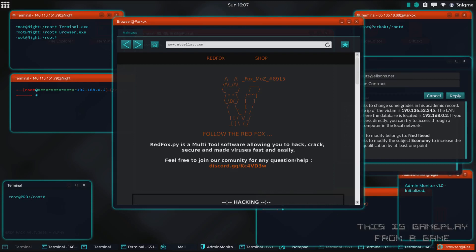In this video we're checking out the player-created tool called RedFox. As usual I need to emphasize that this is a video game and not real cyber security.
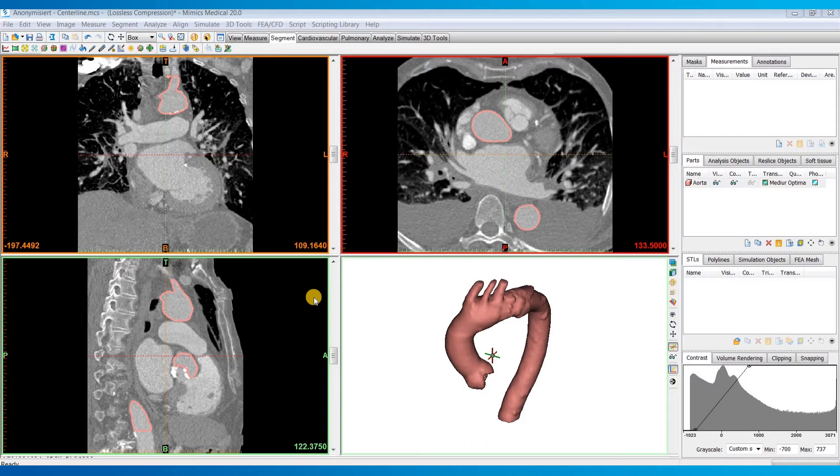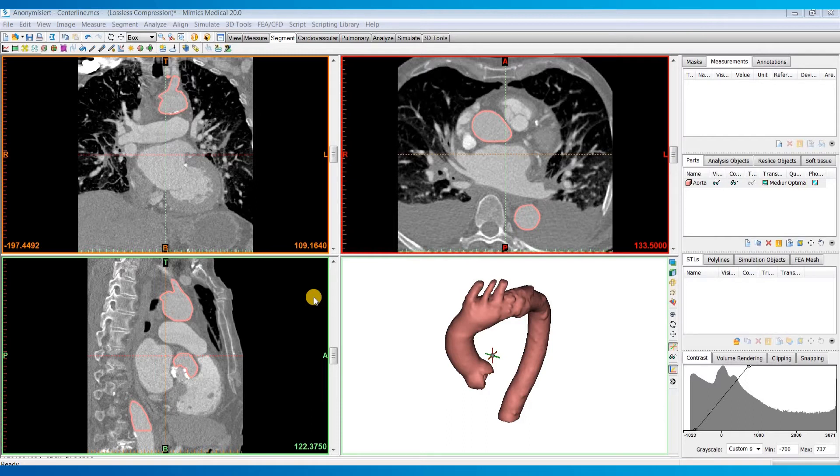If you had a hollowed model depicting the vessel walls of the aorta, then the software is going to try to calculate the centerline inside of the walls instead of the vessel, and that's not what we want. So it's important to have a solid part from which to calculate the centerline.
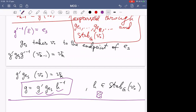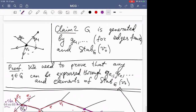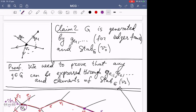Claim 2 is useful in itself: to generate G we need only look at the neighborhood of V0, not the whole (possibly complicated) graph. But there is one situation where this claim can be made even better.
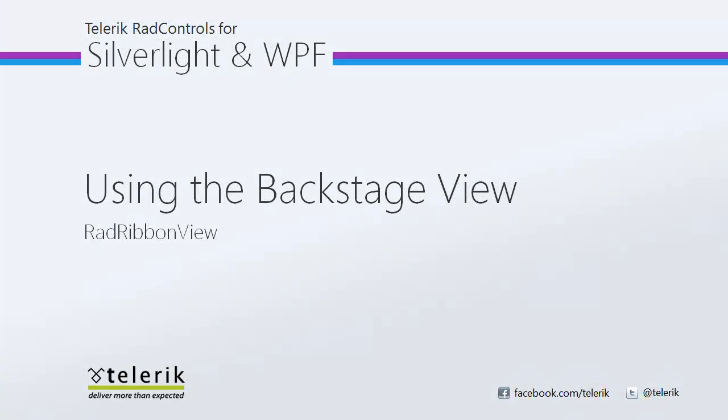I hope you've enjoyed watching using the backstage view with RadRibbonView. Stay tuned to other videos in this series and you can really take advantage of the features and functionality that RadRibbonView offers to your line of business applications.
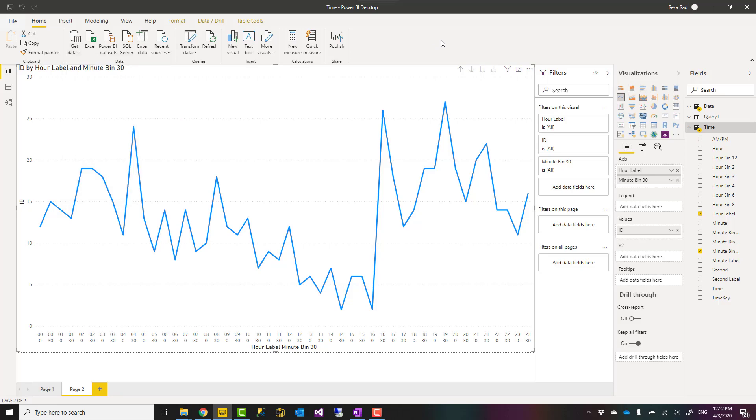That's it. This is a script for creating a timetable in Power BI. If you liked this video, go ahead and subscribe to our YouTube channel. We have weekly videos of Power BI and AI.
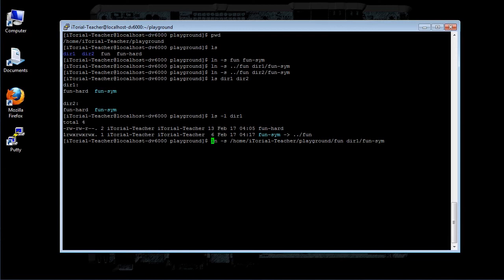Using relative pathnames is more desirable because it allows a directory containing symbolic links to be renamed and/or moved without breaking the links.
=-=-=-=-=
• What you should do: The whole listing above, line by line, needs to be copied exactly, except for any images.

• Response box:
In this video we're checking out the player-created tool called RedFox. As usual I need to emphasize that this is a video game and not real cyber security.
If you had a hollowed model depicting the vessel walls of the aorta, then the software is going to try to calculate the centerline inside of the walls instead of the vessel, and that's not what we want. So it's important to have a solid part from which to calculate the centerline.
Claim 2 is useful in itself: to generate G we need only look at the neighborhood of V0, not the whole (possibly complicated) graph. But there is one situation where this claim can be made even better.
I hope you've enjoyed watching using the backstage view with RadRibbonView. Stay tuned to other videos in this series and you can really take advantage of the features and functionality that RadRibbonView offers to your line of business applications.
That's it. This is a script for creating a timetable in Power BI. If you liked this video, go ahead and subscribe to our YouTube channel. We have weekly videos of Power BI and AI.
Using relative pathnames is more desirable because it allows a directory containing symbolic links to be renamed and/or moved without breaking the links.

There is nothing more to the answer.